Here’s where things get interesting. First, though, some background about the four different statuses you can hold at Walt Disney World:
College Program.
The lowest of the low at Disney. College Program participants are considered “interns” so they can put that on their resume instead of having to write, “I loaded guests onto Space Mountain.” CPs are treated like seasonal cast members, in the sense that they get none of the perks that otherwise come with being employed by Disney World. Sure, CPs get free admission to the parks, and back in my day we also got six family passes to the parks, but aside from that, nothing. We didn’t get holiday pay. We didn’t get overtime practically
ever
. Disney uses CPs like disposable cast members that come and go every six months. CPs aren’t allowed to advance higher in their roles, either. Since they’re temporary, Disney sees no point in promoting them (and providing the additional training that comes with a promotion).
Seasonal Cast Member.
Kind of like CPs, in the sense that there are no perks (aside from those six family passes). Seasonal cast members need to submit their availability to work a few months in advance, and are required to work a certain amount of hours to keep their status with Disney World.
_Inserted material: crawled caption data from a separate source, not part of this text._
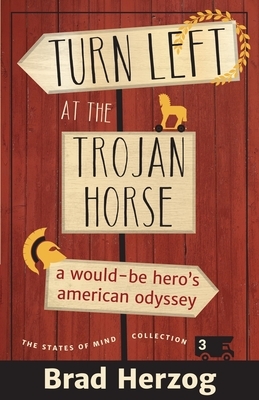 Turn Left at the Trojan Horse: A Would-Be Hero's American Odyssey by Brad Herzog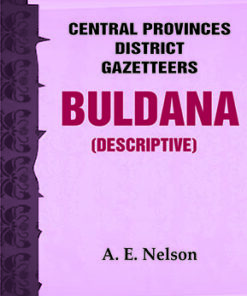 Central Provinces District Gazetteers: Buldana (Descriptive)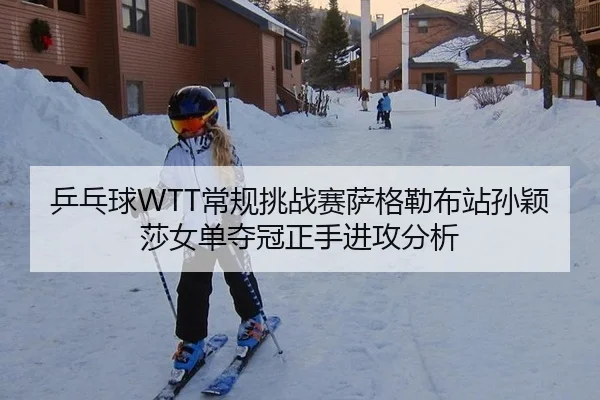 乒乓球WTT常规挑战赛萨格勒布站孙颖莎女单夺冠正手进攻分析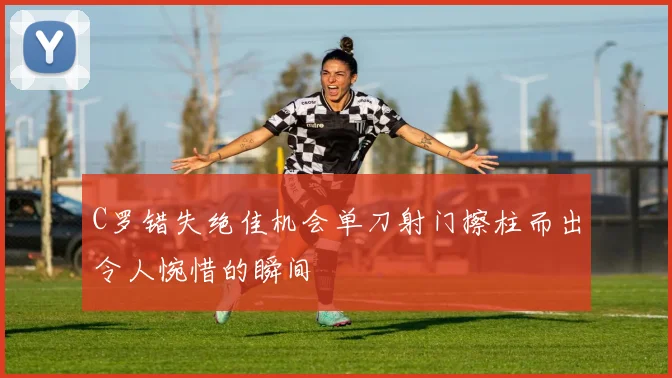 C罗错失绝佳机会单刀射门擦柱而出令人惋惜的瞬间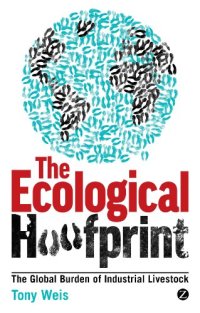 cover of the book The Ecological Hoofprint: The Global Burden of Industrial Livestock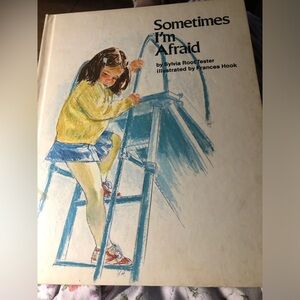 "Sometimes I'm Afraid" Illustrated Hardcover Book by Sylvia Root Tester
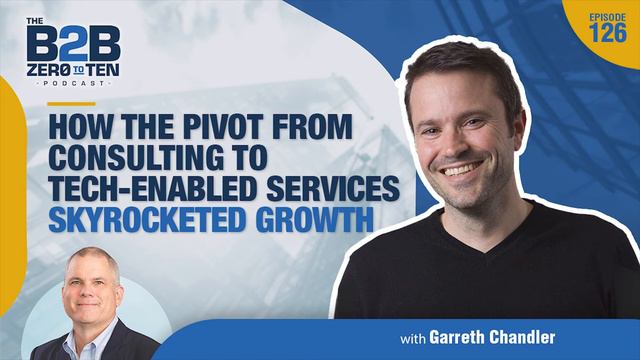How the Pivot From Consulting to Tech-Enabled Services Skyrocketed Growth for Garreth Chandler #126 смотреть онлайн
So, a seasonal cast member could technically work once every four months, and still enjoy admission to the parks every single day of the week. (The rules for being seasonal have changed drastically since I left, as there was a lot of seasonal abuse, such as a cast member who really would work only once every four months, and still go to the parks every single day, which Disney isn’t cool with.)
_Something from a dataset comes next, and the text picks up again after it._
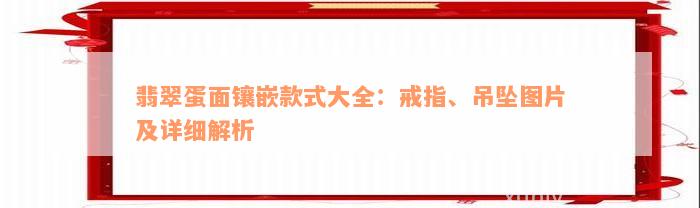 翡翠蛋面镶嵌款式大全：戒指、吊坠图片及详细解析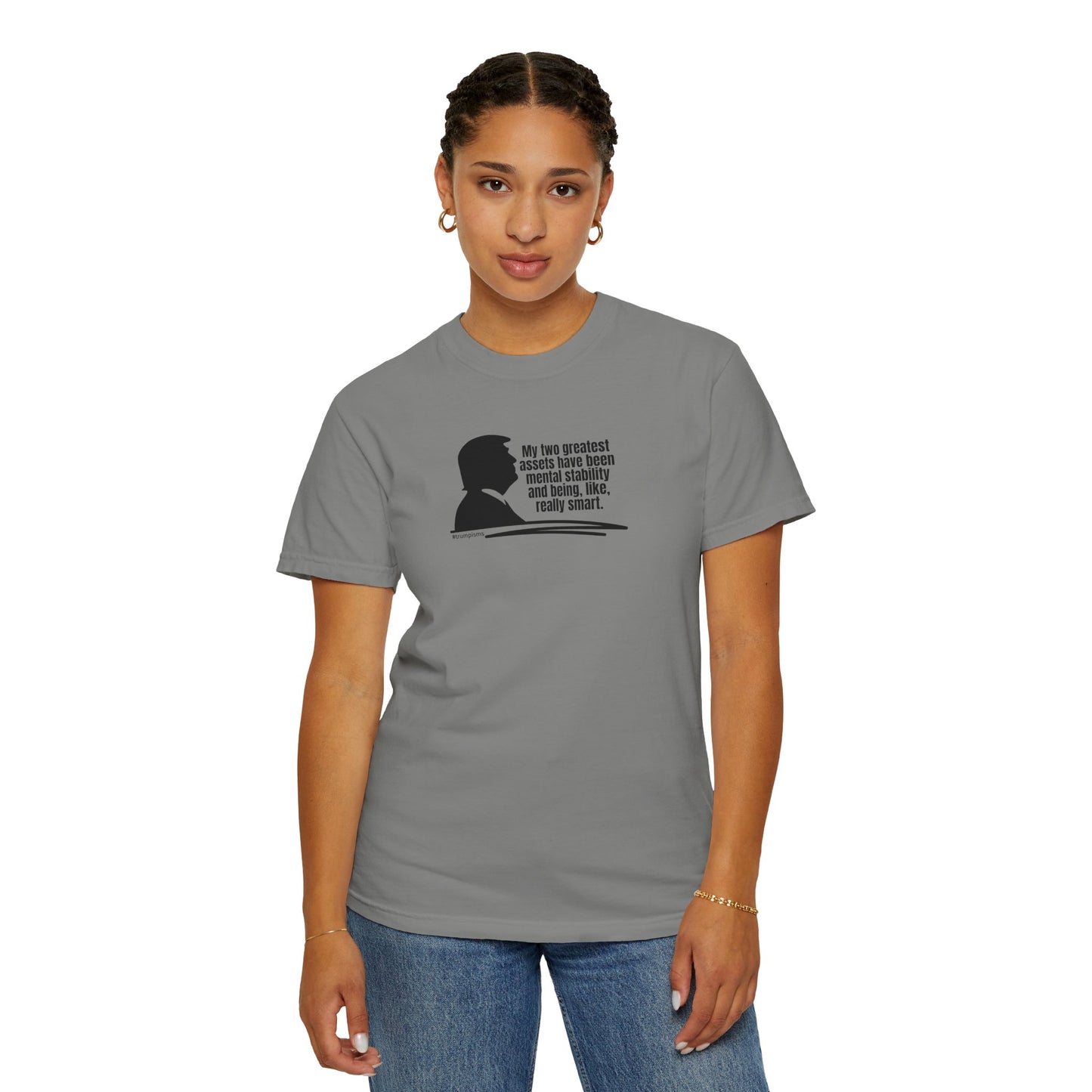 Two Greatest Assets: Trumpisms Unisex Garment-Dyed T-shirt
Seasonal cast members — like me, for a while — can also work all the time, as if they were part time or full time. But, there’s a catch. If a seasonal cast members works more than 28 weeks of “full-time work” (40 hours a week or more), they are “capped.”
That means, the seasonal cast members cannot be scheduled more than 23 hours. CANNOT. Like, no if, ands, or buts about it. There’s actually a button in Disney’s computer system that says “deny this cast member hours”. This is all because Disney doesn’t want to have to deal with seasonal cast members saying, “Well, I’ve been working 40-plus hours for this many weeks, so technically I’m already full time, so technically you need to give me health benefits.”
Disney watches seasonal cast members very closely for this reason. I learned that the hard way a few times when I got dangerously close to being capped. I started getting warnings about it around week #20. If I hit 28 weeks, there was no going back, and I would for sure go broke. There’s no way I could survive on less than 20 hours a week for the rest of the year.
Part-time Cast Member.
You guessed it, a cast member that is only considered part time. This means that a cast member cannot, and usually will not, be scheduled more than roughly 23 hours a week. During busy times, that number might increase, but part time cast members only need to give four days of availability. Being part time, of course, you aren’t given health insurance.